Tiered Thinking in the Age of AI

Not too long ago, everyone was wondering whether $20 a month for an AI coding tool was worth it. Today, devs are easily blowing past $200 worth of capacity in a single billing cycle, and it’s easy to see a near future where heavy users casually spend $1,000 or more each month. For now, I'm not really here to talk about runtime compute and provider capacity; I'm thinking about the development process itself and how everyone went from talking about how the cost of AI kept dropping that it may as well become free cognition, to quickly feeling like it's not gonna be enough. What used to feel infinite has become rationed.

In a way, it's kinda funny how the platforms themselves are responding. OpenAI, for example, has rolled out a model router that quietly decides whether you really need the flagship model or if a cheaper one will do. On the surface, that’s a cost-saver for the user; but step back and you see the inversion. Instead of freely choosing the most powerful model because you had options, you’re now forced into conserving the big guns. The agency shifts. Providers ration from above, and you ration from below.

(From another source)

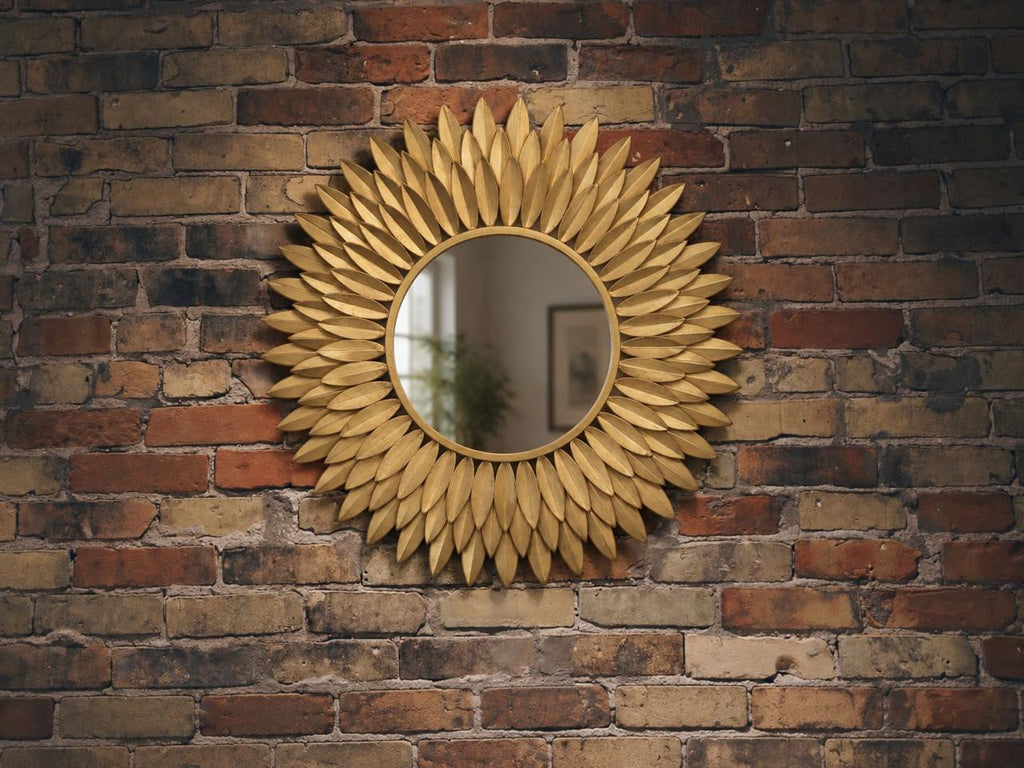 Additional product view of the Broche Mirror showing the balance of reflective center and sculptural leaf frame.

In practice, this means developers will start budgeting their thinking across tiers. A dev might use their $20 ChatGPT subscription as a sketchpad — a place for outlines, pseudocode, or quick Q&A. Maybe they'll use Microsoft Copilot at their job to run longer running research tasks (since you only get a handful of those even at Pro tier on ChatGPT). And as a dev, the coding agents (Github Copilot, Cursor, Claude) is where you do the "real work" ... and so you have to make sure you're using that allotment for the "real work" to avoid burning through your credits.

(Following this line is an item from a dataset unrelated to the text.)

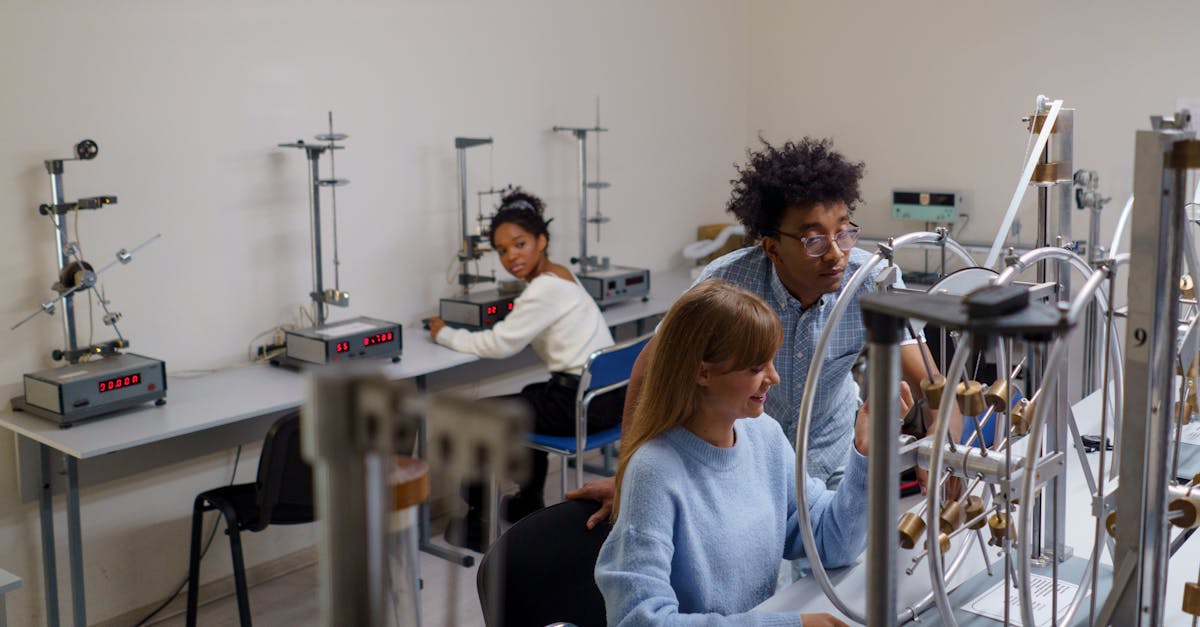 University students conducting physics experiments in a science laboratory, collaborating and learning in an interactive setting.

If this sounds familiar, it’s because we’ve been here before. Mainframe engineers once planned their work carefully, then used expensive cycles sparingly. Cloud teams still batch jobs to minimize costly runs. We’re simply returning to a world where the economics of compute shape how we think, not just how we ship.

And maybe this is the part worth remembering. For all the tiers, limits, and routers, the human brain still holds an advantage. It’s the only large language model that computes tokens for the price of a cup of coffee.